Fishing tales

So this was the plan: rent a fishing boat from a friend of a friend’s friend. At the Northern most tip of Borneo. Then drive it around at 8 knots to all of the surrounding islands, Thailand, Cambodia, Indonesia. We’d save money on accomodation, diesel is cheap, and we’d be fully independent. It was a plan devised on Balak, where we weren’t allowed to drive any boats, where going to islands was part of the norm, and independence was a memory of a strange feeling. The idea actually formed when I had a quick go at driving the ‘big boat’ for about five minutes one day – the feeling of control mingled into the excitement about doing the forbidden.

After we left Balak, I actually got as far as test driving two boats – both equally wooden and pretty much what you’d expect to get if you nailed some planks together and slapped a dirty underpowered diesel engine in it. ‘Basic’ really doesn’t do the simplicity of th craft justice, but heck, we’d just lived with no running water for 9 weeks. It was all systems go, save for checking the owner’s fishing licence could be stretched to allowing two English hooligans to terrorise the seven seas with it. We had the plan of not fishing much, but using the big iceboxes to hold lager and hotdogs – things that were in short supply on the island. Perhaps a few Philippino brides to do the cleaning and cooking too.
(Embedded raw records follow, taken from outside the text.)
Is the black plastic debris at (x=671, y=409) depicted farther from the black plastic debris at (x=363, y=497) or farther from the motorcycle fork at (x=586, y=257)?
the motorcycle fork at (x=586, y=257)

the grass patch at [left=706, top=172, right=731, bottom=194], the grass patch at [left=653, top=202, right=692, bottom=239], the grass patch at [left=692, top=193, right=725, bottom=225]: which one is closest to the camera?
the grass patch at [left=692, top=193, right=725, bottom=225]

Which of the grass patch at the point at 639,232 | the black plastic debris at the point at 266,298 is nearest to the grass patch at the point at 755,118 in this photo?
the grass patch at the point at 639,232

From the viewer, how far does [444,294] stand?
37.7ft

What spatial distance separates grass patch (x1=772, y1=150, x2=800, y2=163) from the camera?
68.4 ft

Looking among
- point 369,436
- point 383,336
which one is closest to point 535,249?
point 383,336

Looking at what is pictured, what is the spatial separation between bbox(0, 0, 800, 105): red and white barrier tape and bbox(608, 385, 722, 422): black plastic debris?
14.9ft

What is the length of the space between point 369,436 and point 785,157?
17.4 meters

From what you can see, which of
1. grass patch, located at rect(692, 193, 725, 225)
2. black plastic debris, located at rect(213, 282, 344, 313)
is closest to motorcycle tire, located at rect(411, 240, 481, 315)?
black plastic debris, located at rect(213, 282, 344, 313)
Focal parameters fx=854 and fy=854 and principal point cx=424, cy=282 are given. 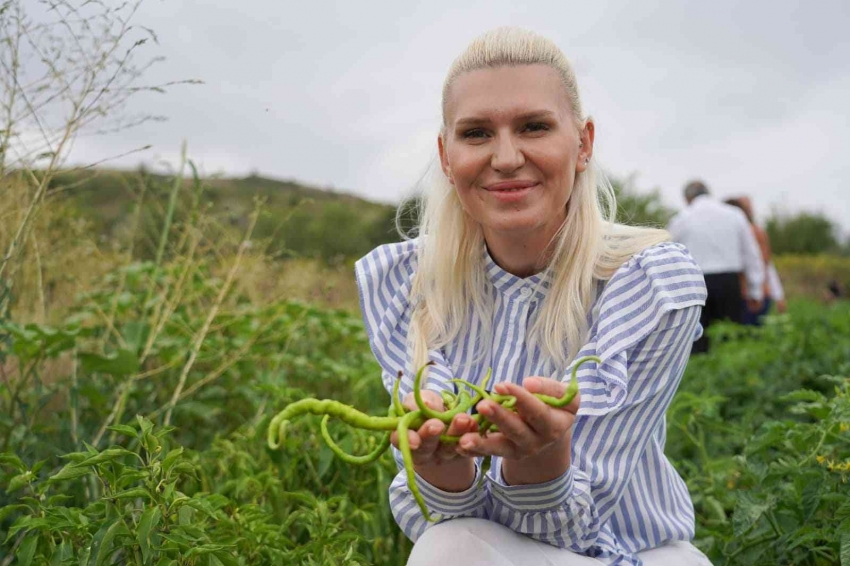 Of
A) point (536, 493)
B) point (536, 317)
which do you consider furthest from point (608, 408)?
point (536, 317)

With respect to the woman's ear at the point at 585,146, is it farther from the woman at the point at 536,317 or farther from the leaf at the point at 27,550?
the leaf at the point at 27,550

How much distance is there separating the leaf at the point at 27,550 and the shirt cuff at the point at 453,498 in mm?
766

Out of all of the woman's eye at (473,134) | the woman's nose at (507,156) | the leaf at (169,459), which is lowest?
the leaf at (169,459)

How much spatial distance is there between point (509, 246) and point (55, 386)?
1.83 metres

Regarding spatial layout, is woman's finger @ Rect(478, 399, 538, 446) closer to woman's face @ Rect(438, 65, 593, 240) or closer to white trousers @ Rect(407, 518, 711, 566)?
white trousers @ Rect(407, 518, 711, 566)

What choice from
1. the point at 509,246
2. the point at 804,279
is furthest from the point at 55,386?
the point at 804,279

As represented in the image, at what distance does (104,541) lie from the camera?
1593mm

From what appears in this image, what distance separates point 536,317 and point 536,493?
50 cm

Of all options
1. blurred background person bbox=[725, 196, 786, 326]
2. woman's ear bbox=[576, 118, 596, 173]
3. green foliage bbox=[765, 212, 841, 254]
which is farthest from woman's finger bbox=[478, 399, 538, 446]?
green foliage bbox=[765, 212, 841, 254]

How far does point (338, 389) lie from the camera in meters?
4.25

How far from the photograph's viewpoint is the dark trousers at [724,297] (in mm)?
7160

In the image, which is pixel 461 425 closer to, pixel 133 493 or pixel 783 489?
pixel 133 493

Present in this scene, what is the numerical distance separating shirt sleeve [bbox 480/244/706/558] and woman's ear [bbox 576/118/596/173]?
31 cm

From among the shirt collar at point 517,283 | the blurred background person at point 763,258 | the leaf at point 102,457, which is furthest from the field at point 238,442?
the blurred background person at point 763,258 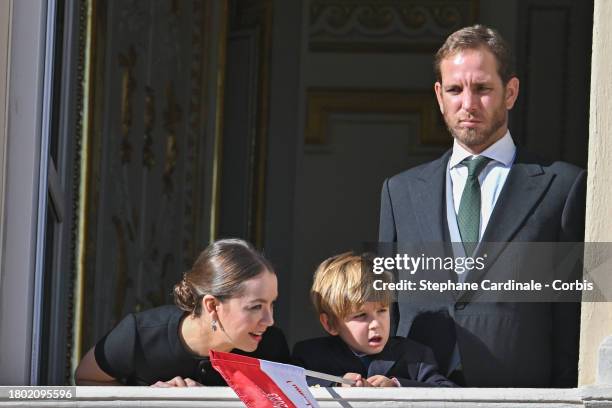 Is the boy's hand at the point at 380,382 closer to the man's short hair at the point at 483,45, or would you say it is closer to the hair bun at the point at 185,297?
the hair bun at the point at 185,297

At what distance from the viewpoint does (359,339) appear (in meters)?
4.58

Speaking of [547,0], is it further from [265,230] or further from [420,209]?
[420,209]

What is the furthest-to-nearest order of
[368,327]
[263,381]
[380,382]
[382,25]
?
1. [382,25]
2. [368,327]
3. [380,382]
4. [263,381]

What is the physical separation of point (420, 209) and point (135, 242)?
2153 millimetres

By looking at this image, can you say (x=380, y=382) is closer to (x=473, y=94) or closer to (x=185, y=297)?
(x=185, y=297)

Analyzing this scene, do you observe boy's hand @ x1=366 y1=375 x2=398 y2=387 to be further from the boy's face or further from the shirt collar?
the shirt collar

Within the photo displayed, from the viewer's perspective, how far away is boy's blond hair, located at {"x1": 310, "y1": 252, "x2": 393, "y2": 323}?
180 inches

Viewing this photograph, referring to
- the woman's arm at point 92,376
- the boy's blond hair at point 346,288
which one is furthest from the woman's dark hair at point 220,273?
the woman's arm at point 92,376

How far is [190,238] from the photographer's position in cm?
726

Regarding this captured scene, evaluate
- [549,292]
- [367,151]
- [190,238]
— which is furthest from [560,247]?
[367,151]

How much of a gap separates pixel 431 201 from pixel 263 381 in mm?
666

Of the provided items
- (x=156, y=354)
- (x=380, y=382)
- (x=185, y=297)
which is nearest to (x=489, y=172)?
(x=380, y=382)

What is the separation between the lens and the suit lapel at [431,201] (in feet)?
15.4

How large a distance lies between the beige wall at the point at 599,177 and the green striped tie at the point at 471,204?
13.7 inches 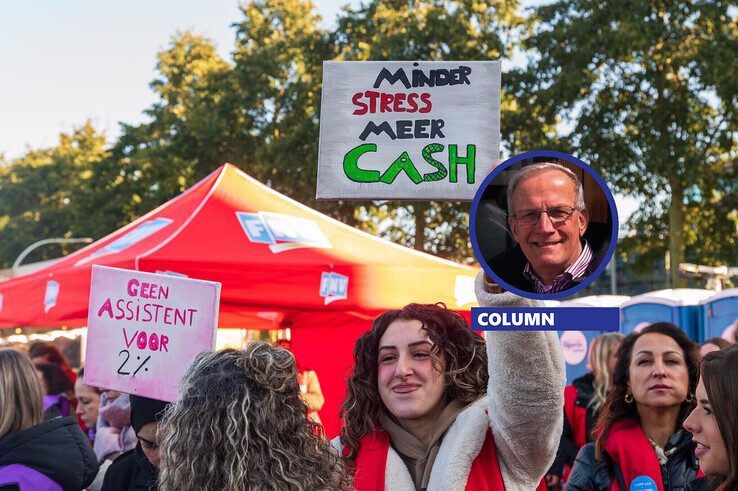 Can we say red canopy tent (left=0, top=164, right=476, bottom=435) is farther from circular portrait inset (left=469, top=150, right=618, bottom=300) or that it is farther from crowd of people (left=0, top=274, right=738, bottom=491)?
circular portrait inset (left=469, top=150, right=618, bottom=300)

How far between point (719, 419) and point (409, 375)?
82 cm

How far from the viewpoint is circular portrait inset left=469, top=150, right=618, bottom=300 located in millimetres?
2002

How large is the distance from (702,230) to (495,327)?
73.7 feet

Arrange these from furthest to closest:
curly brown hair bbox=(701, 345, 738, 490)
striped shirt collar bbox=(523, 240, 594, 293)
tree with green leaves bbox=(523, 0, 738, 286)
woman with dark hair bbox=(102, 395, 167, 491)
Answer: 1. tree with green leaves bbox=(523, 0, 738, 286)
2. woman with dark hair bbox=(102, 395, 167, 491)
3. curly brown hair bbox=(701, 345, 738, 490)
4. striped shirt collar bbox=(523, 240, 594, 293)

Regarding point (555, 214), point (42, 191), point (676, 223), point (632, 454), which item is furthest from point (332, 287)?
point (42, 191)

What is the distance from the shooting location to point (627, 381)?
4.11 metres

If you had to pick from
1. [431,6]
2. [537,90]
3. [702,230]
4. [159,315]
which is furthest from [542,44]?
[159,315]

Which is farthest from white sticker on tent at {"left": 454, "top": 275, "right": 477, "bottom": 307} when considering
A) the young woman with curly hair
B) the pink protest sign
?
the young woman with curly hair

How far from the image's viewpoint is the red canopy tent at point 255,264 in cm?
601

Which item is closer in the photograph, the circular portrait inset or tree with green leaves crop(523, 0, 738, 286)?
the circular portrait inset

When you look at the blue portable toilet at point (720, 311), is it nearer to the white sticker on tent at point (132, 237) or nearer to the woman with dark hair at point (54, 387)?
the white sticker on tent at point (132, 237)

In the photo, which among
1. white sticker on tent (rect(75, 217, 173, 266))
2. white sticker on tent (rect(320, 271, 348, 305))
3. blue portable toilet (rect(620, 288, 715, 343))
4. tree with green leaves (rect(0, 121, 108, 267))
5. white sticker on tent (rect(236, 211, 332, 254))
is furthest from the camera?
tree with green leaves (rect(0, 121, 108, 267))

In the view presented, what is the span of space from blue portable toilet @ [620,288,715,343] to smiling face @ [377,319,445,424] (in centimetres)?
1131

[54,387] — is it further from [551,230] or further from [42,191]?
[42,191] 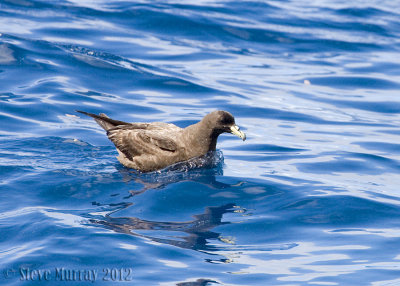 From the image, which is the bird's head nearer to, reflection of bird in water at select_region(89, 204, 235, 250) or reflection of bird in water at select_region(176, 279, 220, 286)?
reflection of bird in water at select_region(89, 204, 235, 250)

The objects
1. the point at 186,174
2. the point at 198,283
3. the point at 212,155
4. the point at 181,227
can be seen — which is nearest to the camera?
the point at 198,283

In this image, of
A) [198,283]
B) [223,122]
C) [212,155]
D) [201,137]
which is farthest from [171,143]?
[198,283]

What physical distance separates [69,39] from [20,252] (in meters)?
9.04

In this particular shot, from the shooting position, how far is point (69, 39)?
48.4 ft

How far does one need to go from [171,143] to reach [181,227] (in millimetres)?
1950

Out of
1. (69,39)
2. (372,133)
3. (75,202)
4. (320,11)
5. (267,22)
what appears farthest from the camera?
(320,11)

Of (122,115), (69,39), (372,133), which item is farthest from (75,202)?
(69,39)

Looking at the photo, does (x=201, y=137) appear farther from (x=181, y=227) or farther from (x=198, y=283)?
(x=198, y=283)

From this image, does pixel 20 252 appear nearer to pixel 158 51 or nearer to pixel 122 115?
pixel 122 115

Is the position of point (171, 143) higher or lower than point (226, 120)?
lower

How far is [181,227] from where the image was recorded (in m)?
7.12

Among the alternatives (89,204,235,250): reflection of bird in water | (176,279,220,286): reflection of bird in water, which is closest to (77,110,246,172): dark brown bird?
(89,204,235,250): reflection of bird in water

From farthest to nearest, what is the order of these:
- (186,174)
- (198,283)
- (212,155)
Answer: (212,155), (186,174), (198,283)

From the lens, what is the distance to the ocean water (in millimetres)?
6402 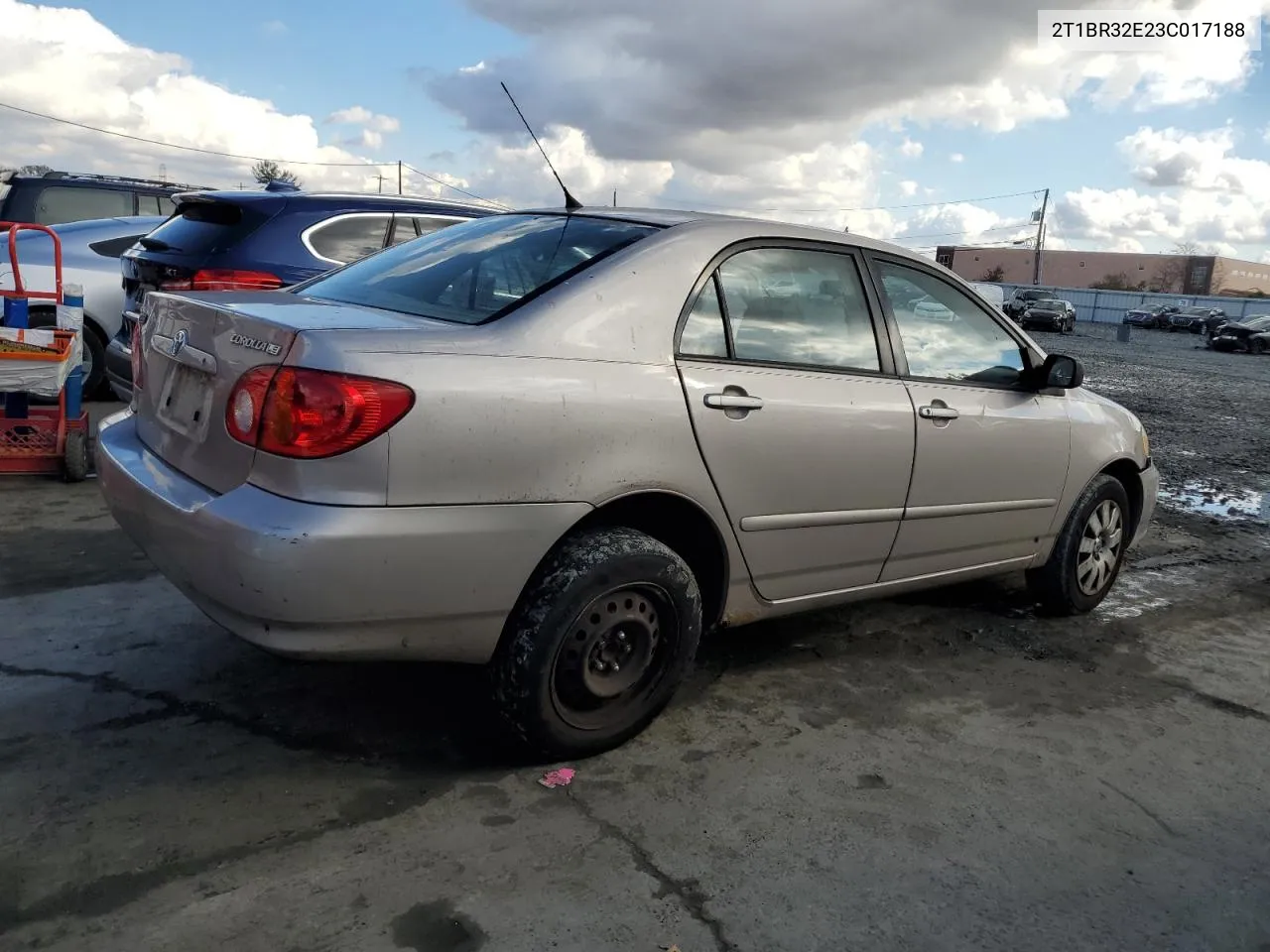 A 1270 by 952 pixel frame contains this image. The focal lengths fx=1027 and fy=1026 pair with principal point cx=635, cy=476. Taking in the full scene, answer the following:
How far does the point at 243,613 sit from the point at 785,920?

We agreed a date and a price, and as marine conservationists, we were pleased to note that us hiring the boat would prevent the owner from destroying reefs and bending compressor divers – his crew were pursuing the very activities we had seen cause so much damage on the reefs (reeves?) around our island. But then the authorities got in the way – apparently fishing in zones 1 and 2 is viewed as a very different activity to getting drunk and drunk-sailing to islands to light fires and chop trees down. Our only choice now would be to buy our own boat. Fishing boats come in at about 9000 GBP, so we figured it wasn’t really going to happen in the short term.

This is why I’m on Ko Samui, renting motorbikes and getting into trouble with ladygirls (as opposed to ladyboys) rather than tooling round on a wooden death trap.